Bu gibi hayati konular baştan iyi konuşulup tartışılmalı, sonundaki pişmanlığın pahalıya mal olacağını baştan iyi bilmelidir.
Bazı gençler gençlik gereği hislerine mağlup oluyor, zamanı gelince onları da yaparım diyor, ileride istediğim gibi İslâmî giyime girecek, dinî hayata başlayacak, diyerek bir başlangıç yapıyorlar. Tabii hislerinin baskısı geçip gerçek hayat anlayışlarıyla birbirine muhatap olmaya başlayınca bir sıkıntı da başlıyor.

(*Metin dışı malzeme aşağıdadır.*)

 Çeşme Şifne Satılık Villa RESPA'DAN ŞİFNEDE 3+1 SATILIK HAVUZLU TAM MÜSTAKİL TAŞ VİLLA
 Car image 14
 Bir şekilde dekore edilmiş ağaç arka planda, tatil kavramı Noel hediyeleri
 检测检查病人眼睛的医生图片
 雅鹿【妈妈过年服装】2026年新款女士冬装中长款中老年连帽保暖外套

Bu defa da, “Ne yapacağız?” diye çare aramaya yöneliyorlar. Tabii iş işten geçtikten sonra.
Bana gelen sızlanmalardan anladığıma göre bazı gençlerimiz şampuan kurbanı. Bazıları da dar pantolon hayranı. Kimileri de makyaj ve boyanın mağlubu. Tabii yağmur yağıyor, boya dökülüyor, süs bozuluyor, gerçek çehre olanca netliğiyle meydana çıkıyor. Bu defa da “Vay sen böyle miydin?” gibilerden feryat başlıyor. Bundan sonrası iki tarafın da sızlanışı, feryat ve figanı şeklinde gelişiyor.

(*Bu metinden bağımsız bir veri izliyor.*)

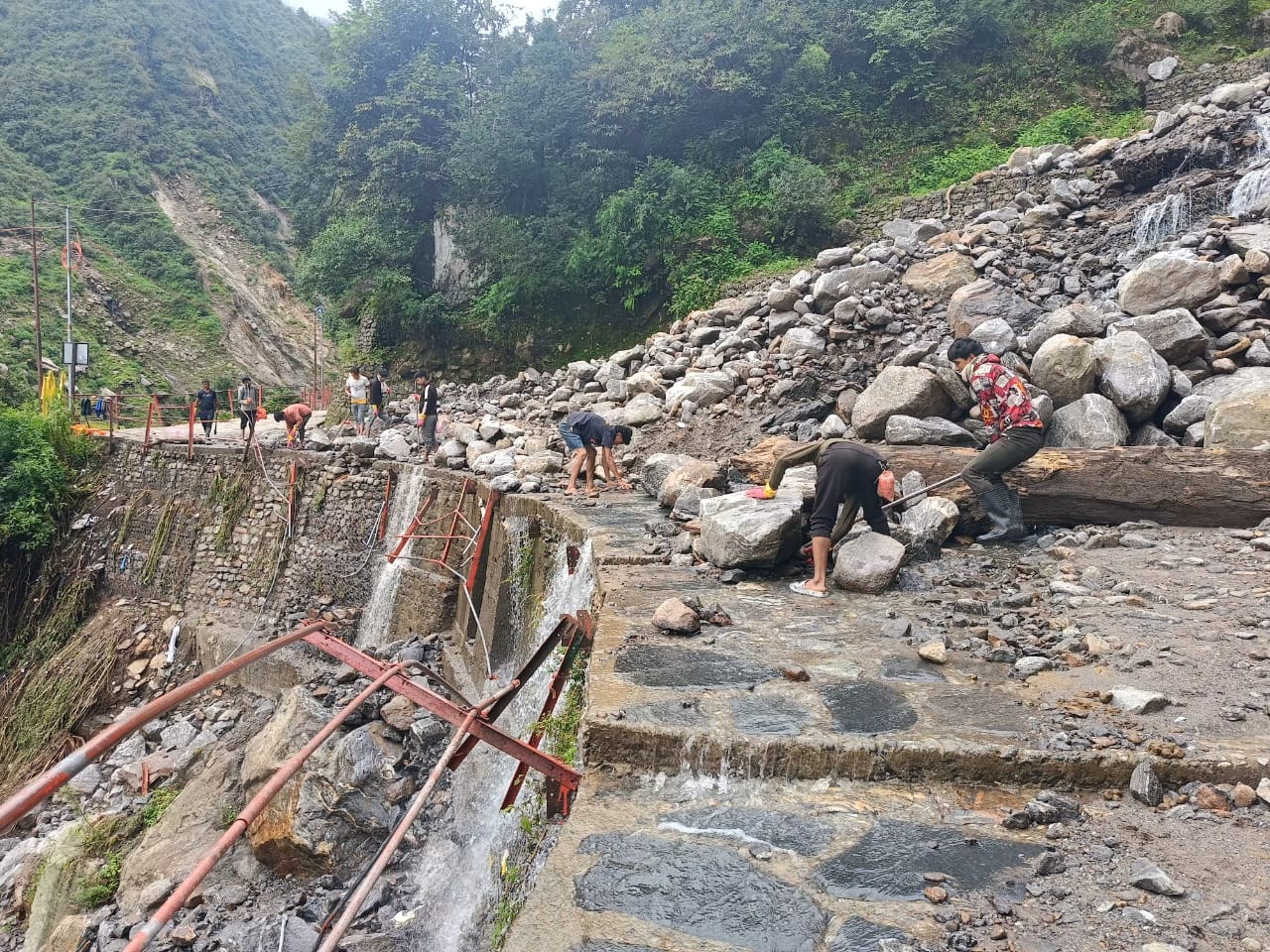 राहत: भूस्खलन से क्षतिग्रस्त सड़क पैदल यात्रियों व घोड़े-खच्चरों की आवाजाही हेतु खुली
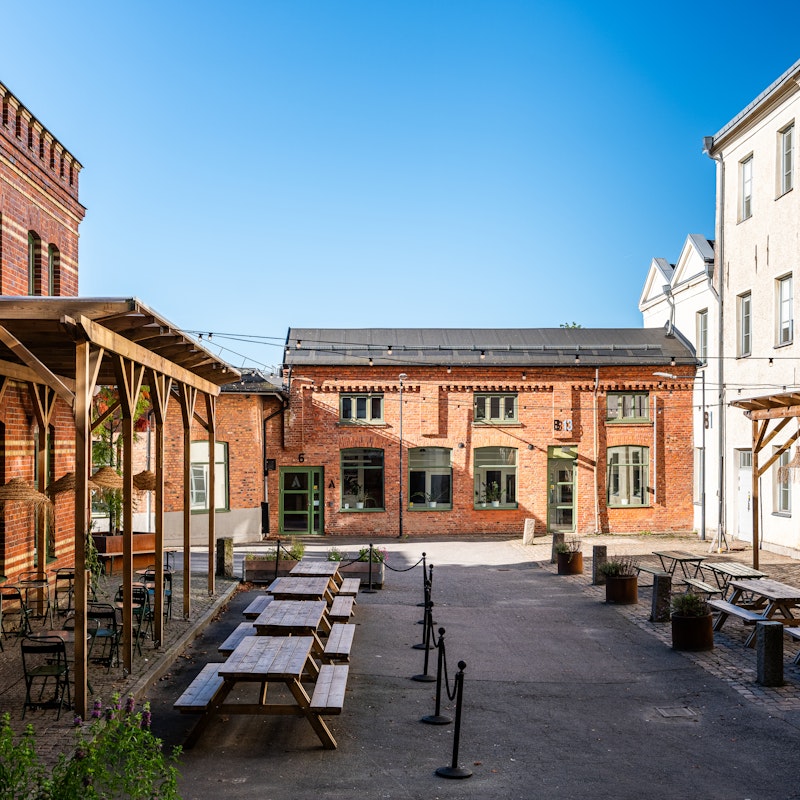 Gamlestadens Fabriker Gamlestadens Fabriker innergård med uteserveringar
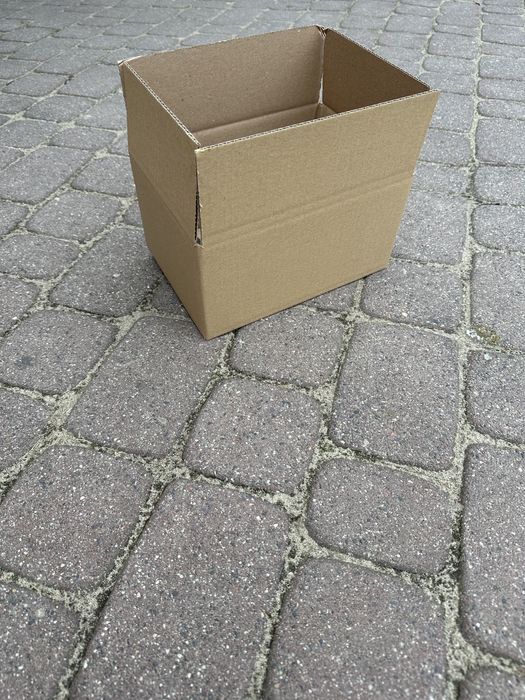 Karton klapowy 250x150x150 3WB/392g/ Nowe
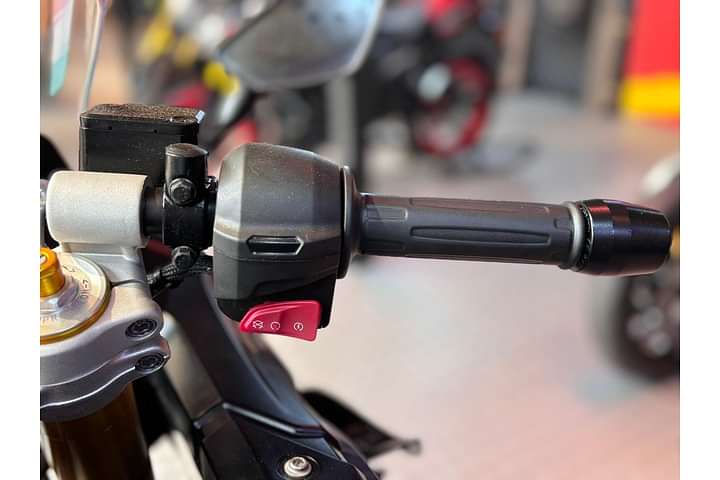 TVS Apache RR 310 Right Side Handelbar Throttle Grip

İşte bunun içindir ki, gençler tek başlarına karar vermemelidirler. Çünkü gençler hislerinin etkisinden kurtulamaz, denkliğin var olup olmadığını tespitte yanılabilirler.
Gerçi son söz yine kendilerinin olacaktır, bunda kimsenin şüphesi yoktur. Ama kendilerinin bilemeyecekleri, anlayamayacakları birtakım özellikleri tecrübe sahibi ana–babalar daha yakından tespit edip anlayabilirler. Öyle ise yaşlıları devreden çıkarmamalılar. Denklik var mı, yok mu, onların gözüyle de tespite çalışmalılar.
Zaten ana–babadan gizli evlilik hiçbir zaman tavsiye edilmez. İmam–ı Şafii’de, velilerin izni olmadan nikah yapılamaz. Hanefi’de ise, denklik olmadan nikah yapılmışsa ana–baba buna mani olabilir, müdahale hakkını kullanabilir.
Sonra Efendimiz (sav) de tavsiyede bulunmuş: “Nikahınınızı ilan edin, def çalarak da olsa etrafa duyurun.” buyurmuştur. Sözün özü, sonraki pişmanlık pahalıya patlamaktadır. Çünkü yaz bitince yapraklar dökülüyor, ağaçlar öz varlıklarıyla meydana çıkıyorlar. Meyvesiz ağaçlar ise sadece odun oluyorlar.